Un nouveau Plan national d’action [2021-2025] en faveur du dugong, piloté par le Ministère de l’environnement et un collectif de partenaires3 a fait l’objet d’une consultation publique en avril 2021.
7 Lames la Mer
Les tristes sirènes d’Aden
Au début du 20ème siècle, des dugongs sont exhibés devant l’objectif de photographes, au retour de séances de pêche à Aden [Yémen]. Mais l’exhibition ne s’arrête pas à la traditionnelle photo du retour de pêche ; les dugongs sont ensuite sommairement empaillés et présentés au cours de shows lucratifs dans plusieurs hôtels [le grand hôtel Royal, l’hôtel d’Europe, etc.].
Dans la presse locale, des encarts publicitaires sont publiés pour attirer touristes et curieux : « Ne ratez pas votre chance de voir une merveille du monde et une créature de Dieu : dépêchez-vous, dépêchez-vous !»
Une cliente du Grand Hôtel, Evelyn Waugh, après avoir fait une description édifiante des conditions spartiates qu’offrait l’établissement, ajoute : « Le seul luxe compensatoire, un animal marin minable et empaillé, incontestablement mâle, qui est conservé dans un coffre et exposé solennellement – contre paiement – comme une sirène » [1946].
Des monstres poussant des cris à moitié humains
En 1917, « The daily news » [Autralie] raconte la pêche de deux dugongs à Little Aden : « Des pêcheurs ont trouvé, empêtrés dans leurs filets, deux monstres, qu’ils pensaient d’abord être des marsouins ou des requins. Les monstres se sont débattus avec fureur et ont gravement endommagé le filet, poussant des cris à moitié humains. Après un dur combat, ils furent assommés et remontés à bord. Ils furent vendus à Aden à un tailleur indien, qui tenait une petite boutique.
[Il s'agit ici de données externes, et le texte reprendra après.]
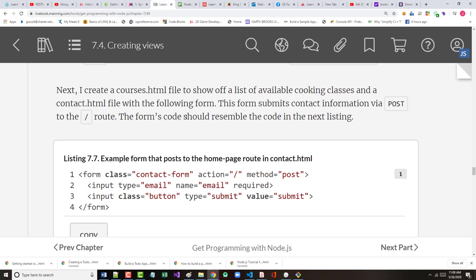Next, as it says, we create a courses.html file to show off a list of the available cooking courses and a contact.html file that has the following form. Now a couple things that are on here that are important. The form submits contact information via a post. Now virtually everything we've been doing in here thus far has worked off of a GET. A GET is designed to provide information but not to allow a user to change any information.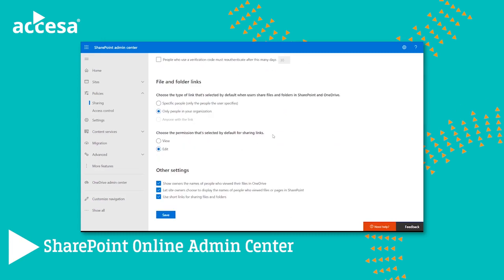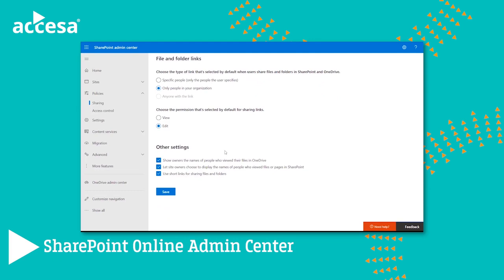We can also choose whether guests need to sign in with the same account to which they received the invitation, whether guests can share items they don't own, and when sending a verification code to guests, whether they need to re-authenticate after a certain period. Next, we have the default file and folder link settings, where we can choose the type of link selected by default when a user shares a file. The default is 'Only people in the organization', but users can change it as needed. We can also choose the default permission type for sharing links, whether owners can see names of people who viewed their files in OneDrive, and whether to use short links for sharing.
Le tailleur les fit grossièrement empailler et les conserva, pendus dans son arrière-boutique, faisant payer les visiteurs qui souhaitaient les voir. Il y avait un mâle et une femelle, avec incontestablement des têtes, des visages et des bras humains. (…) Ils étaient monstrueusement laids. Le visage du mâle était parfaitement horrible, probablement l’expression de la haine et de la peur face à la mort. La femelle n’était pas beaucoup mieux. (…) Ils avaient les cheveux courts et le menton dans le cou. (…) Les bras et les mains étaient particulièrement humains, mais à plus petite échelle proportionnellement à un humain. Comme ils étaient accrochés au mur, avec les queues touchant le sol, ils étaient beaucoup plus grands qu’un homme. (…) Les parties génitales étaient exactement humaines« .
Les dugongs finiront au muséum d’Aden, installés dans trois énormes boîtes semblables à des cercueils. « Le rembourrage les avait rendus encore plus grotesques qu’ils ne le sont dans la vie et le taxidermiste s’était efforcé d’augmenter leur ressemblance avec des sirènes ou des tritons en mettant l’accent sur l’organe génital du mâle et sur les seins des femelles« , raconte Sidney Dillon Ripley [1913/2001], ornithologue américain, dans son livre intitulé « The Land and Wildlife of Tropical Asia » et publié en 1964.